- Task statement: The data below holds a line containing "сегодня в окно постучался градусник и попросился домой. сегодня" and a line containing "第17话 不许你出任何意外！12"; please quote exactly those two lines and every line between them, and nothing else.

Dataset records
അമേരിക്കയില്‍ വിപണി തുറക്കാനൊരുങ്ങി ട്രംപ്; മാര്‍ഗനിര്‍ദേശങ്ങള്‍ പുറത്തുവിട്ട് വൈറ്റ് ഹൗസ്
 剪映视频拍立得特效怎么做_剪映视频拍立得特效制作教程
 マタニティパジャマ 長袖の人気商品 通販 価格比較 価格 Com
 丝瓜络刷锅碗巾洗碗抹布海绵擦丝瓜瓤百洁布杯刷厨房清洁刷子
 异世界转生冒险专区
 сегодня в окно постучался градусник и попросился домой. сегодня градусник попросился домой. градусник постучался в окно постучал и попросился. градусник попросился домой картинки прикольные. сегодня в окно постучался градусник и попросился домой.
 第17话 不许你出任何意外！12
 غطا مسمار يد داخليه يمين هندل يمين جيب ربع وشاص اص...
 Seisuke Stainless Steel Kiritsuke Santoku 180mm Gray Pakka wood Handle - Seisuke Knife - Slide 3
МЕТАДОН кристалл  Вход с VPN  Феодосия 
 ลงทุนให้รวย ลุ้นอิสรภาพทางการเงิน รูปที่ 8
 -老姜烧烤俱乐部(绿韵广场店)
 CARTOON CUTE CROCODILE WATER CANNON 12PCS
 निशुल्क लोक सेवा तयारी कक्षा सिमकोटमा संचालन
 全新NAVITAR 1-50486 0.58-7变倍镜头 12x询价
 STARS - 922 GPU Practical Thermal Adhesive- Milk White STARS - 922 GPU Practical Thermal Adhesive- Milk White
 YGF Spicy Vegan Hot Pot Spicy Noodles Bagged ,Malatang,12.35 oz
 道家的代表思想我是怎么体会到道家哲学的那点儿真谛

- Answer to this exercise:
 сегодня в окно постучался градусник и попросился домой. сегодня градусник попросился домой. градусник постучался в окно постучал и попросился. градусник попросился домой картинки прикольные. сегодня в окно постучался градусник и попросился домой.
 第17话 不许你出任何意外！12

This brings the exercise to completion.